Why beating the market and gross margin expansion rarely go together

The promise is seductive. Sales racing faster than the market and gross margins expanding. Share and profit, both arrows pointing up. It looks flawless in a model. It almost never survives the world outside it.

To beat the market, you must take share. And there are only two ways to take it: slash prices or sharpen your proposition.

Price cuts can deliver share - briefly. But always at the expense of gross margin. And always on borrowed time. Competitors follow, the edge dulls, and what once looked like victory leaves you stranded at a lower level. Try to restore prices and momentum stalls, volumes slip, your hard-won share dissolves like mist.
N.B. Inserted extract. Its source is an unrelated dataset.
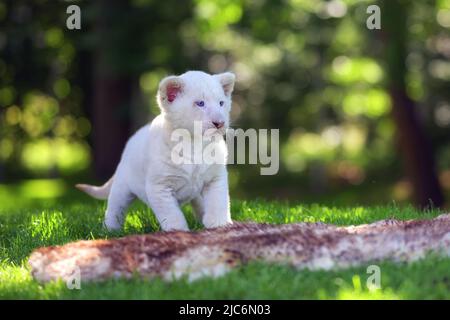 Ein Wüstenlöwenjunges sitzt auf dem Gras und will spielen. Stockfoto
Proposition-led growth has its own discipline. A superior offer lets you hold prices and fatten gross margin. But volumes are modest - no real share conquest. Or you can hold gross margins steady and chase share. In both cases though, rivals stir, adjust, erode the edge you thought secure. Margin gains fade. Share gains renormalise.
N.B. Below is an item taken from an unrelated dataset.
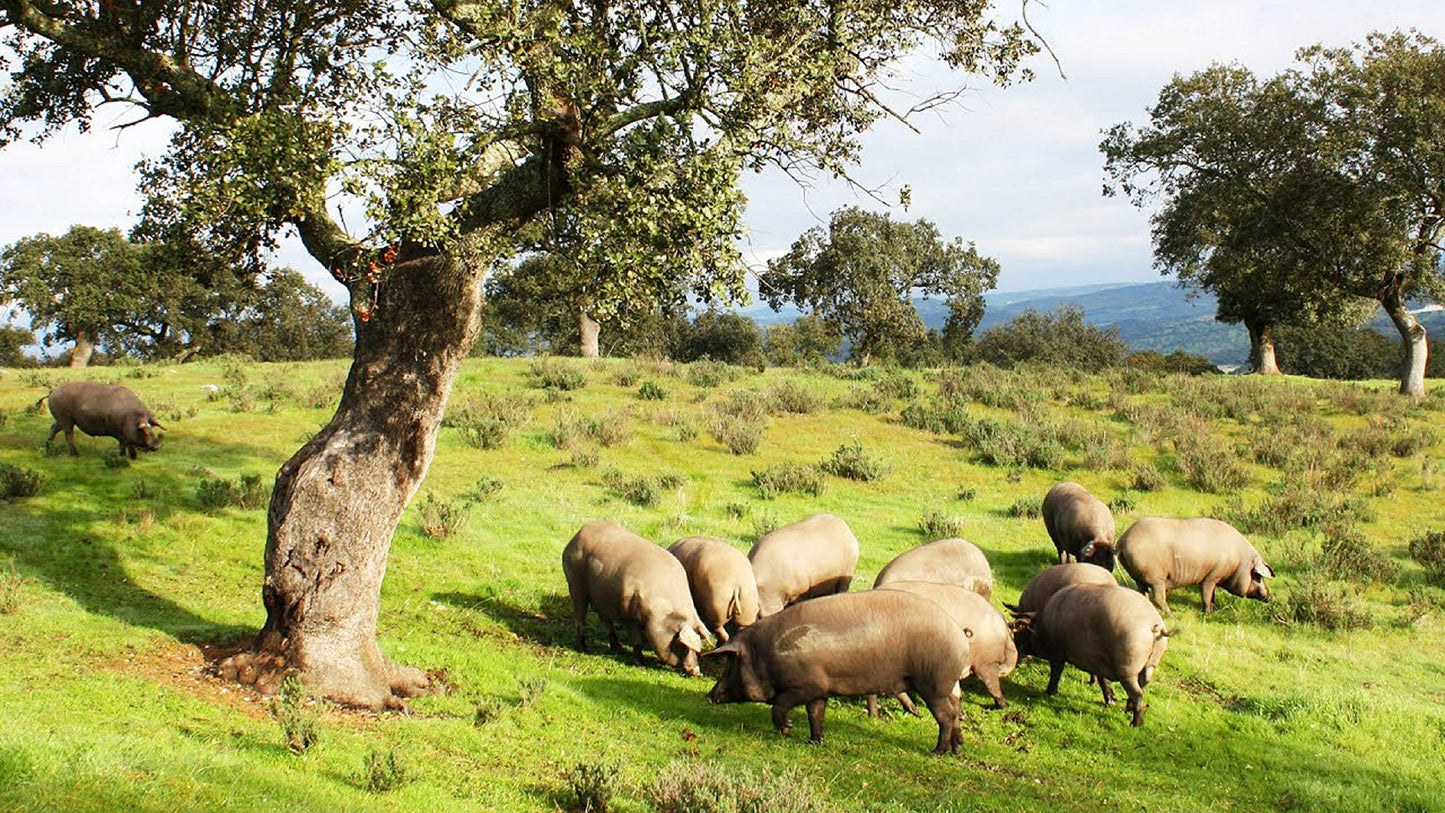5 Kg Paleta Ib¨|rica de Bellota Pata Negra, Curaci¨?n Natural de 24 - 30 meses - Jam¨?n Ib¨|rico de Bellota | INSIGNIA IBERICA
There is a third way - but it does not come from you. Structural shifts in the market can create a window where both arrows move up: a competitor exits, stumbles, or is shackled by regulation. Suddenly you gain share while competitive intensity falls, and you can even raise prices. It happens. But it is rare. And it is not strategy. It is fortune.

Which is why the double-up - the dream of beating the market and expanding gross margins year after year - demands something exceptional. A competitive advantage that is not only specific and durable, but funded. Advantage decays unless you invest to renew it. Those investments must be visible - on the P&L, in the cashflow, in the choices you make and defend.
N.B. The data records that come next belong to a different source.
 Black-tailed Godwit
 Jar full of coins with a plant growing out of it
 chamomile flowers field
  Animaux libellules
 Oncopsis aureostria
And this is where most cases collapse. They wave at “advantage” but never name it. They model endurance but never show the spend required to sustain it. They forget that without visible reinforcement, the fortress they imagine is just sand dressed as stone.

That is why so many plans showing both arrows climbing are not strategy at all. They are not forecasts. They are not commitments. They are simply ambition - hope masquerading as reality in Excel.